Todas seriam profissões muito prazerosas, mas nossa sociedade não seria muito bem sucedida dessa forma, ainda seriam necessários muitos profissionais para completarem outras funções essenciais à nossa sobrevivência. Portanto, a utilidade social também deve ser levada em conta nessa decisão.
Dessa forma, conseguimos limitar melhor as opções e irmos para uma próxima inquietação, que fala dos nossos limites. Todos nós temos características que podem trazer vantagens em algumas profissões e desvantagens em outras, conforme comentado no post Autoeducação. Escolher fazer aquilo que dá mais prazer, sem considerar habilidades e limitações, pode representar um grande prejuízo tanto para o indivíduo quanto para o mercado, o Custo de Oportunidade seria alto demais para sustentar tal decisão. Para sermos bons no que fazemos, precisamos conciliar nossos desejos, utilidades e também habilidades. Em 1935, o economista Lionel Robbins afirmou que a “maior tragédia da vida humana é ter de desistir de uma coisa para escolher outra“, mas é exatamente o que temos que fazer.

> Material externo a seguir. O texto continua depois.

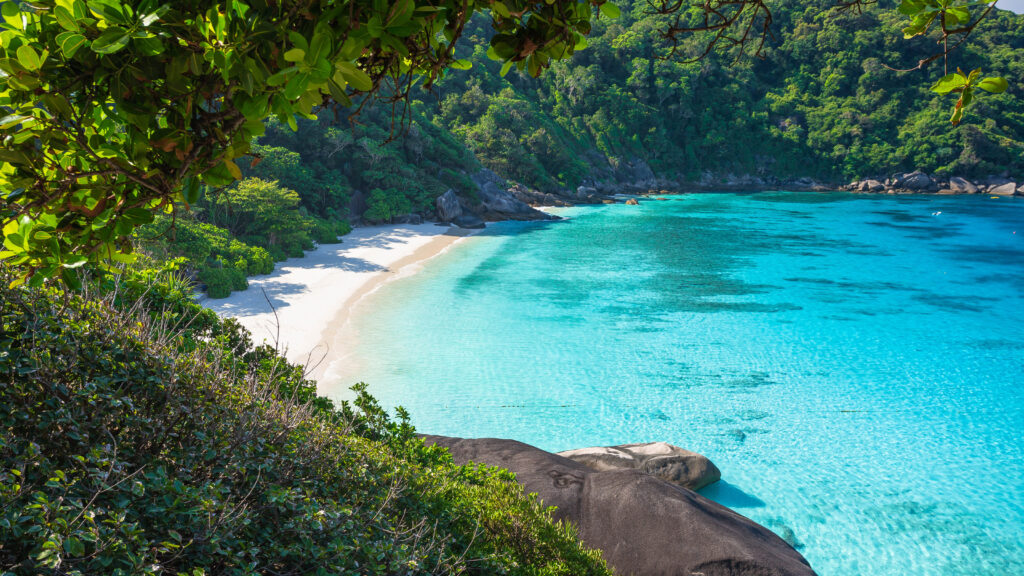 Similan Islands by Speedboat - SeaStar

A próxima inquietação tem a ver com os resultados da sua escolha. Todas as vezes que tive essa conversa com alguém, percebi que a profissão ou atividade dos sonhos era baseada em alguém já bem sucedido. Inspirar-se num empreendedor renomado, por exemplo, e dizer que amaria fazer aquilo é muito perigoso, geralmente pensamos nos resultados que nossas escolhas podem nos trazer, mas acabamos nos esquecendo de considerar todas as etapas necessárias para chegar lá. Lembre-se, o sucesso não é um sonho, é uma luta.

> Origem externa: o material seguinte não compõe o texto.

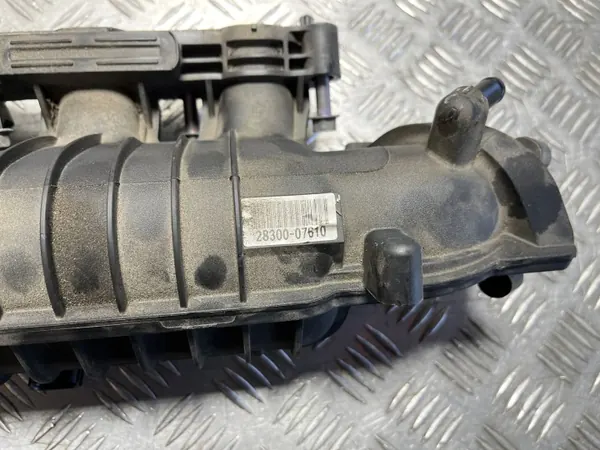 Inlaatspruitstuk OEM 28300-07610 voor Hyundai i20 1.0 T-GDI image 5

Outro dilema que tenho escutado sobre esse assunto é a busca de maior satisfação profissional. Nesse caso, o entendimento de qual é a real motivação para esse desejo, se torna crucial para uma decisão acertada. Algumas vezes, o problema pode estar dentro de nós, de forma que nossa percepção não consiga encontrar justificativas para valorizar o que já se tem. Uma mudança de atividade, nesse caso, iria apenas prolongar sua agonia. O filósofo Clóvis de Barros Filho apresenta a definição de Platão para esse amor que tanto buscamos: “Você ama o que deseja e deseja o que não tem“. Essa citação explica a nossa crença em que a felicidade está em outro lugar, confira no vídeo abaixo:
Essa ansiedade em encontrar algo que se ame plenamente pode causar frustrações desnecessárias, por isso que um dos maiores problemas para a escolha de sua profissão é idealizar algo surreal. Toda atividade humana tem seus prós e contras, não adianta acreditar que existe um trabalho perfeito, em que todas as suas atribuições sejam prazerosas, que haja reconhecimento e motivação contínuos e ainda não seja necessária muita dedicação para se obter sucesso. Pensar dessa forma, nos faz desviar os olhos de muitas oportunidades, algo que, parafraseando Nietzsche, nos faz acreditar que nossa realidade atual é “um mundo no qual devemos nos afastar, e certamente não desfrutar mas, ao fazer isso, afastamo-nos da vida em favor de um mito ou invenção: um mundo real imaginário“.
Tenha em mente também, que suas escolhas terão outros reflexos bastante amplos. As castas das quais você vai pertencer, valores e até inclinações políticas são influenciadas por suas atividades laborais:
“…nossos interesses e valores estão entrelaçados por aquilo que fazemos no trabalho – ou seja, nossa ocupação. Assim, por exemplo, as pesquisas sociológicas mostram que somos mais propensos a ter uma visão igualitária da economia se trabalharmos para o setor público do que se estamos no setor privado; e temos maior inclinação a ser culturalmente liberais se tivermos uma ocupação que nos conceda certa autonomia do que num emprego submetido a um controle rígido. Isso acontece, em parte, porque tendemos a encontrar um trabalho que combina com nossos valores e nossa educação; e, em parte, porque nossa experiência de trabalho molda nossos valores. É difícil ser defensor do livre mercado trabalhando como assistente social, assim como ser socialista em um banco de investimentos”.
David Priestland
Esse post é uma provocação, um convite à reflexão mais profunda para suas escolhas, essa decisão é muito importante para sua vida, sou também totalmente a favor da mudança, desde que seja legítima e feita com inteligência, decisões tomadas por impulso podem gerar frustrações muito grandes. Outro ponto que acredito muito é que todas aquelas opções, descritas no primeiro parágrafo deste post, não são excludentes, você pode ser um pouco de cada. Não se limite em troca de definições.
E, por fim, não espere fazer o que ama para amar o que faz.
Referências: Uma Nova História do Poder, David Priestland, 2014. O Livro da Filosofia, diversos autores, 2010. Podcast Man In The Arena, episódio 51, Bob Wollhein. O Livro da Economia, diversos autores, 2013.